The incident follows the murders of four Muslim people in London, Ontario, who police say were targeted and run down by a driver because of their faith.
That violence has left many Canadians troubled by the level of racism in this country. People of colour, as well as those who wear clothing that identifies their religion or culture, say they feel unsafe being out in public.
The encounter involving Vidyamaharani happened Friday at a bus stop at Main Street and East 49th Avenue while she was on her way to work.
She said a white man approached her and began asking her where she was from and what she was wearing on her head. She did not answer him and moved to stand with the other people waiting at the bus stop.
She said the man continued to aggressively talk to her, using racist and threatening language. She pulled out her cellphone and recorded the last 90 seconds of the encounter.
Vidyamaharani said she has experienced racism before, but this encounter left her upset because she was genuinely worried the man was going to hit her.
"I think if there weren't a lot of people around, the circumstances would have been a lot different," she said. "I'm usually like a freezer in this situation.

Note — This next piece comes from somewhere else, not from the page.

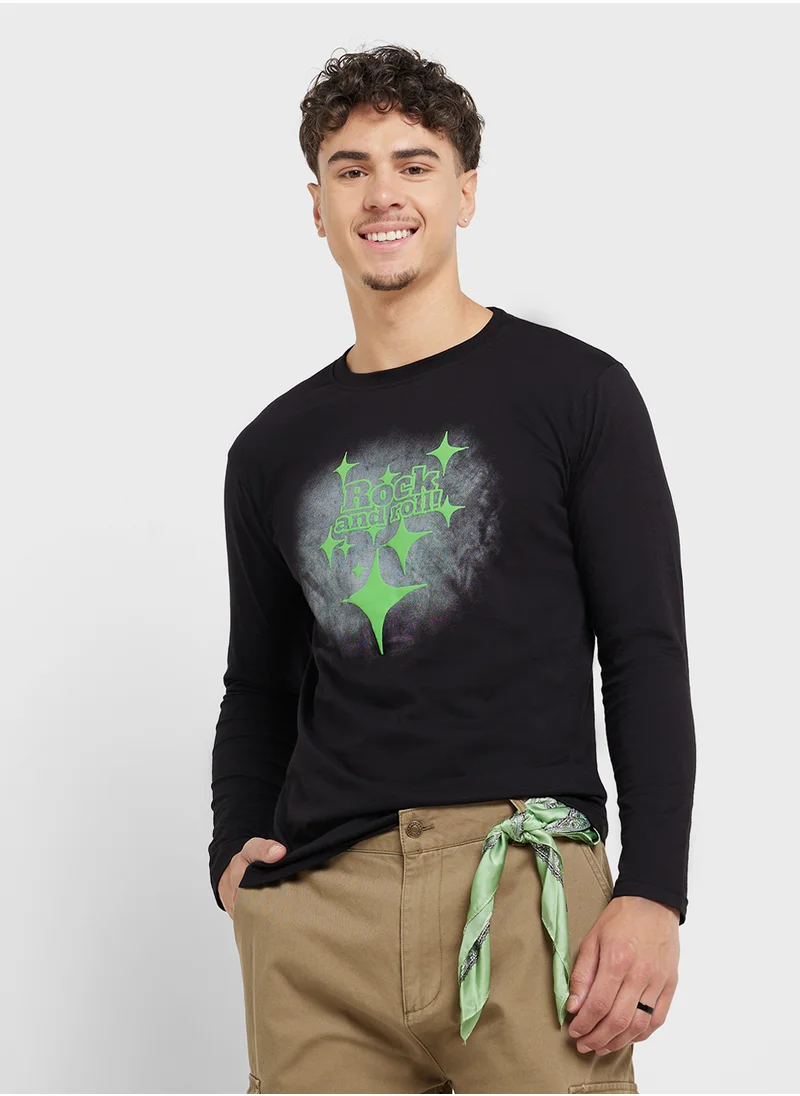 Seventy Five Basics Graphic Long Sleeve T-Shirt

I can't believe I walked away with the footage and was unharmed as well."
The verbal attack came to an end when a bus came and he got on it, while she stayed behind to wait for the next bus.
'I was pretty shaken'
After the man had gone, other people at the bus stop asked her if she was OK, which she appreciated, but said she would have preferred someone to engage with her while the abuse was happening.
"It was kind of unfortunate and I was pretty shaken," she said.
She doesn't want people to put themselves in unsafe situations when they see racism happening, but says someone could have spoken with her during the encounter to take attention away from the man and his comments.
"Just even deflecting the tension away," she said.
Vidyamaharani said she is unsettled that her experience came so soon after the murders of the Muslim family in London, and is worried that tragic event has emboldened some people to target people of colour.
Haroon Khan, a trustee at the Al Jamia Masjid mosque in Vancouver, said Vidyamaharani's experience is too common for many Muslims.
"There are many, many microaggressions, outward attacks, threats of violence, intimidation and abuse," he said.
Khan says awareness is needed to combat racism in Canada and agrees with Vidyamaharani that people should try to find a way to support victims if they see racist attacks happening.
"It's unacceptable to any and all of us," he said. "Those women, they're your sisters, they're our sisters and as part of our family we have to look out for them."